Using SQL with Pandas DataFrames

You can use SQL syntax for shaping and analyzing pandas DataFrames with ease.

Josep Ferrer
DataBites
6 min readAug 23, 2022

--

Self-made image. Using SQL with pandas DataFrames.
Self-made image. Using SQL with pandas DataFrames.

While conducting a job search for Data Scientist or Data Analyst, three letters often pop up in the job description section: SQL or also known as Structured Query Language.

This is a standardized programming language that is used to extract and organize stored data in a relational database. Most people who work with data are already familiar with its syntax — and with its simplicity.

This is why if you are dealing with datasets in pandas, I bet you probably have felt like most of the commands take too much effort to manipulate — especially when compared to SQL syntax.

Basic manipulation of data frames and table creation and editing is much easier when written in SQL. Thus this article is your lucky strike!

There is a method for using SQL queries and manipulating the pandas DataFrames within python.
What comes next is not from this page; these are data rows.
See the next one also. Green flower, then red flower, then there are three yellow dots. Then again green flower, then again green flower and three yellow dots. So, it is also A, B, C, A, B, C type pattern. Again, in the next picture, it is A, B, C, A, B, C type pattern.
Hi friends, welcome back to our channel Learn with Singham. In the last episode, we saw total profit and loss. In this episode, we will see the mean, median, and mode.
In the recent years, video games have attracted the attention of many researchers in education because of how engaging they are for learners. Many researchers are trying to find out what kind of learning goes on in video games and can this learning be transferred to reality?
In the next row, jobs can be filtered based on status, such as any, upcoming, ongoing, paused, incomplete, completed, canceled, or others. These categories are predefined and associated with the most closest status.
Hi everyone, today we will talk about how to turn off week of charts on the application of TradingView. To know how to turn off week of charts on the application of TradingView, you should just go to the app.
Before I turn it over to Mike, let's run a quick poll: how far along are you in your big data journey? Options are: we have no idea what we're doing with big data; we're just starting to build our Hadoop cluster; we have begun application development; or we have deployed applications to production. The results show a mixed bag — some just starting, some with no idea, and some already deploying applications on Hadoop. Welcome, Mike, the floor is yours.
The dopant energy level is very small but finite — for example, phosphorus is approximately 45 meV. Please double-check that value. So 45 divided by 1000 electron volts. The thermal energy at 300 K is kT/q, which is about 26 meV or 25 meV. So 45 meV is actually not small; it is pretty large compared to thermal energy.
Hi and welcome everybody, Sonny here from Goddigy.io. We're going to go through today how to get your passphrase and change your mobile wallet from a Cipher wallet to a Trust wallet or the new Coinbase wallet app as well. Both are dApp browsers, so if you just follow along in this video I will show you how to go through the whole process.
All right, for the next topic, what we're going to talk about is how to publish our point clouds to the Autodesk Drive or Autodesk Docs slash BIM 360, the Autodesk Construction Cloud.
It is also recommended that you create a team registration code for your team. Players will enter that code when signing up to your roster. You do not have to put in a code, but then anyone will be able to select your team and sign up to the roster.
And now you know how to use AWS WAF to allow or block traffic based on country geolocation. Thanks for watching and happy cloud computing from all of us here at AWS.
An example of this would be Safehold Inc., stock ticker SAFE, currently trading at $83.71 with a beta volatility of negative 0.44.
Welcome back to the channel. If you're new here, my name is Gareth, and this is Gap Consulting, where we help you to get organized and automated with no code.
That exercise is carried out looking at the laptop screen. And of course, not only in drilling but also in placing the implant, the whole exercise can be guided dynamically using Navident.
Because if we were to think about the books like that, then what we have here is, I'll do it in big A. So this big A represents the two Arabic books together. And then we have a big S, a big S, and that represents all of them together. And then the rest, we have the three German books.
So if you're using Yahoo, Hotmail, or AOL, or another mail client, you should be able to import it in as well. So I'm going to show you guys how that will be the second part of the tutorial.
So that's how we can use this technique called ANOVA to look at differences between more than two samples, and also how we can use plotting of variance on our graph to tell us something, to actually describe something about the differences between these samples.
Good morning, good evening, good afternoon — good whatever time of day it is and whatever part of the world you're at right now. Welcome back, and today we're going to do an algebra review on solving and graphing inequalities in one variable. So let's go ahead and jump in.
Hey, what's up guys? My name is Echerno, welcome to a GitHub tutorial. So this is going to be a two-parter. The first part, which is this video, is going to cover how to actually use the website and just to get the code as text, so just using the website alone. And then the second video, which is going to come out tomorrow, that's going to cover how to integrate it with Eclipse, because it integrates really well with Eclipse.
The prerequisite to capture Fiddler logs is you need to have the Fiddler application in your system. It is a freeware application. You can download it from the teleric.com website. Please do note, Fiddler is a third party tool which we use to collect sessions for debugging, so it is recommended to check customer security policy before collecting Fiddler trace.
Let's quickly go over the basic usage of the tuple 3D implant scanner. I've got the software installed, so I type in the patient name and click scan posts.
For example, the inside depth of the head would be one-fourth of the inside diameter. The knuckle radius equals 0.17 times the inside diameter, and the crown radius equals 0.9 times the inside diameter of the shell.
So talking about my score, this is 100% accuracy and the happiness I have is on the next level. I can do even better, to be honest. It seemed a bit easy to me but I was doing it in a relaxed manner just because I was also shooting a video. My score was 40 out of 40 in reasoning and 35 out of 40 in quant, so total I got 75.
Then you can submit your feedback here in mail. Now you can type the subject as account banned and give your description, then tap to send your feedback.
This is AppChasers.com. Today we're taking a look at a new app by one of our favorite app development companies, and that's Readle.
Want to know how?

Let’s discover it out together! 👇🏻

Pandasql

pandasqlallows you to query pandas data frames using SQL syntax. pandasql provides a more familiar — and easier — way of manipulating and cleaning data for people new to python or pandas.

#1. How to install?

You can follow the process explained in the pandasql documentation webpage. However, it is as easy as executing the following command.

pip install pandasql

If you are using Jupyter-Notebook, you can directly execute the following command in a cell.

!pip install pandasql

Once we have the library installed in our local environment, we just need to import the library — as you already do with any other library you use — and it will be ready to be used.

import pandasql

#2. How does it work?

The main function used in pandasql is sqldf. The sqldf is a simple wrapper to run SQL (SQLite) queries on Pandas data frame objects. There are some limitations in sqldf which are the limitations that come from SQLite.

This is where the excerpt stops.